DG : Mon processus de création débute souvent par du dessin automatique et des idées qui m’assaillissent partout. Que je sois seul chez moi, dans mon atelier ou dans un café, j’aime bien me laisser amener par le bruit environnant. Il y a une sorte de rythme dans les conversations qu’on entend à distance, dans des paysages qu’on observe depuis une fenêtre… Si une idée se présente j’en fais de suite un croquis. Parfois je suis tiraillé entre un travail en cours et une idée qui veut m’amener dans une toute autre direction. Je dois la suivre car sinon cette énergie se perd. Pour « Tropical Bliss », j’avais vu une œuvre avec des papillons, j’oublie le nom de l’artiste, il était de la Gambie…c’était une représentation de l’arrivée de l’esprit dans le corps sous forme de luciole. Cela a été le point de départ de ma pièce : des papillons qui forment des corps. J’ai commencé la pièce durant ma résidence art OMI, à New York, mais j’étais bloqué et ce n’est que quand j’ai eu l’invitation pour mon exposition individuelle au Telfair Museum à Savanah, Géorgia, que la dimension éruptive m’est apparue, clairement. J’ai été inspiré aussi par la manière comme Duval Carrié travaille la lumière ; l’utilisation qu’il fait des paillettes, quelque chose qui renvoie à la lumière de la nuit, comme un soleil de minuit. A partir de là j’ai commencé à traiter la végétation avec d’autres couleurs que le vert, et l’idée m’est venue de ces couleurs bleutées, violacées, roses,… une sorte de surréalisme tropical. Après quand tu m’as proposé l’exposition j’ai eu envie d’ajouter pour la Martinique une création sonore. La pièce américaine est muette. J’ai trouvé que le son pouvait amener une dimension onirique, tellurique, ça me semble avoir un rapport avec la notion éruptive, dont tu parlais.

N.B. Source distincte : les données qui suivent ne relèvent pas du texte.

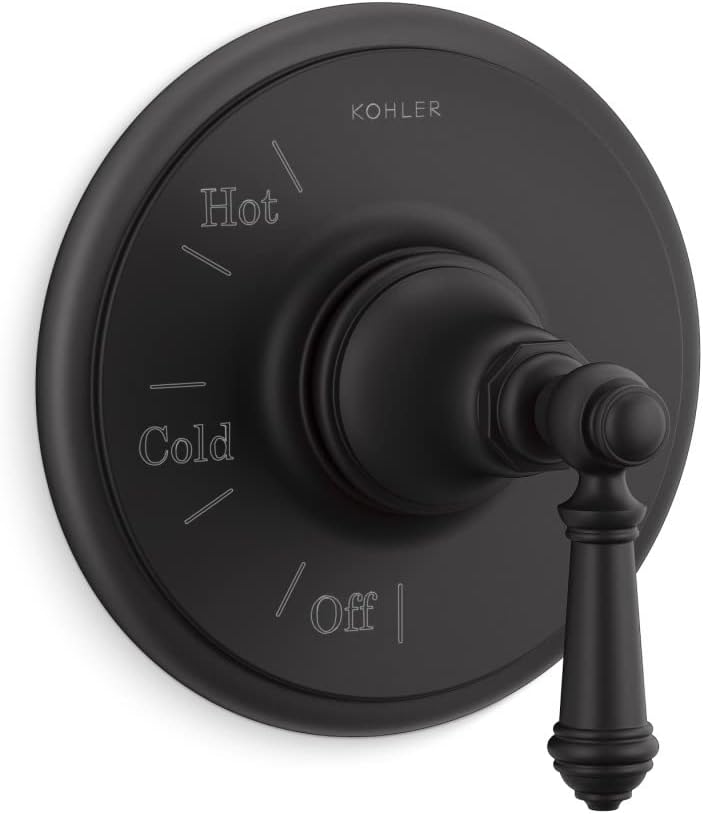 KOHLER TS72767-4-BL Artifacts Rite-Temp Valve Trim With Lever Handle, MATTE BLACK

MDS :Quel était l’impact de la pandémie sur ta création et ton actualité ? Quels sont les projets à venir ?
DG : La pandémie a impacté à la fois positivement et négativement ma création et mes projets. En ce moment c’est plutôt positif, mais l’année dernière était assez négative : tous les lieux étaient fermés, des projets ont été annulés…C’était un moment d’isolement, de faiblesse, d’impuissance par rapport à la pandémie. D’un autre coté on a eu aussi plus de temps libre et j’ai consacré ce temps à imaginer des nouvelles pièces. L’aspect bénéfique c’est que la création numérique, digitale, avec laquelle je travaille, s’est révélée très utile pour faire des performances en ligne, pour réfléchir et faire des projets immersifs en ligne, en utilisant par exemple, la réalité augmentée, avec téléphone ou tablette à distance. Ça a mis en avant l’avantage des technologies avec lesquelles je travaille mais que sur l’île on utilise peu, comme la réalité augmentée. Aussi je travaille beaucoup en vidéo, et avoir la capacité d’envoyer une vidéo qui sera intégrée dans une exposition virtuelle, est une chance. C’est une chance aussi de pouvoir travailler en collaboration à distance avec danseur, musiciens, les filmer et le mettre en ligne sur des plateformes avec le public aussi à distance, … La pandémie a fait de ces techniques hybrides, une tendance qui va rester encore un bon moment car même si on peut se déplacer à nouveau, on ne prend pas encore vraiment le risque. Ma présence en ligne pendant la pandémie était constante, et je pense que ça m’a permis d’avoir une visibilité nouvelle, par exemple le projet avec le Brooklyn Council vient clairement du fait qu’on a remarqué ma capacité de fournir du contenu pour des supports en ligne. Sinon, pour l’avenir j’ai d’autres projets, mais je n’en parle pas encore.